There are two types of students in the classroom: the ones that have no problem giving an answer and being wrong, and the ones that sit quietly in the back, trying to muster up the courage to answer a question. A lot of students, myself included, are extremely shy, and find it difficult to participate in class. For me at least, my level of participation seems to differ depending on what class I am in. That is not to say that I care about one class more than another, it just depends on the environment and how comfortable I am with the teacher and other students. People always say, “it’s not you, it’s me,” and I truly feel that this statement describes how my shyness impacts my participation in the classroom and other settings. It doesn’t mean that I don’t like the other students or my teacher; it just means that I’m not as comfortable putting myself out there for whatever reason. There really is no reasoning to why I’m shy, and there does not seem to be a way to stop it.
Do I see that my shyness effects my class participation? Yes and no. I definitely notice that I participate less than other people in my class. However, I do try to give myself an incentive to participate, namely the good participation grade that could boost my average. I try to compensate for a lack of participation by showing that I am hardworking and dedicated in other ways. I do this through occasionally seeking extra help before or after school, and through helping other students in my class. Many may think that this would not show anything to my teachers, but they see more than we think. They know who is working hard and who could not care less.
I sympathize with other shy students. I go to an all-girls school and wear the exact same outfit as every other girl in my school, and still I find it hard to open up in the classroom.

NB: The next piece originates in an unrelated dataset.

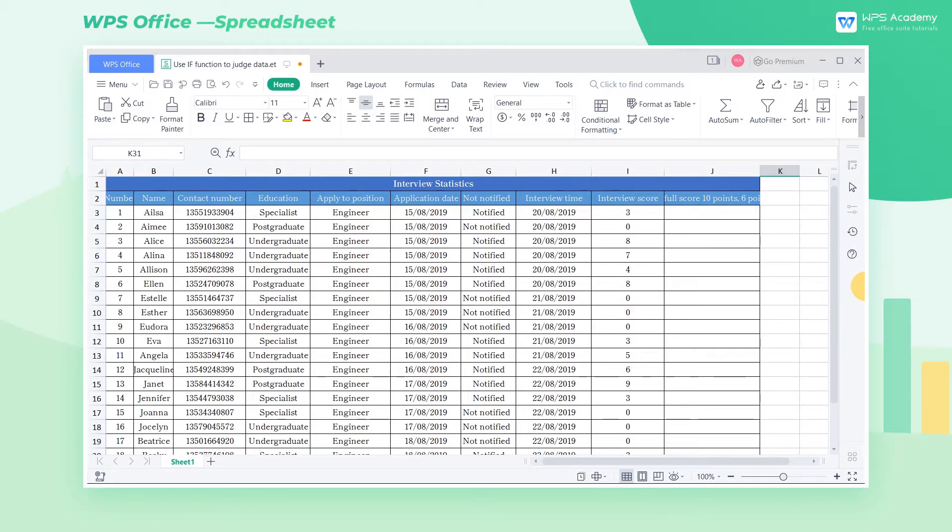Here is a staff interview form. Now we need to count the people who passed the interview quickly.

For some indescribable reason, it’s hard to be able to say how I feel without worrying about being embarrassed if I’m wrong.
I have to say, though, that during my time at IHA, I definitely believe that I have made great strides towards overcoming my shyness. It’s something that I, and other students who are shy, have to work on every time we sit down in class. It’s something that we need to be conscious of every time the teacher asks a question. It’s something that we will continue to work on for as long as we need, and it’s something that I believe will make us stronger in the long run.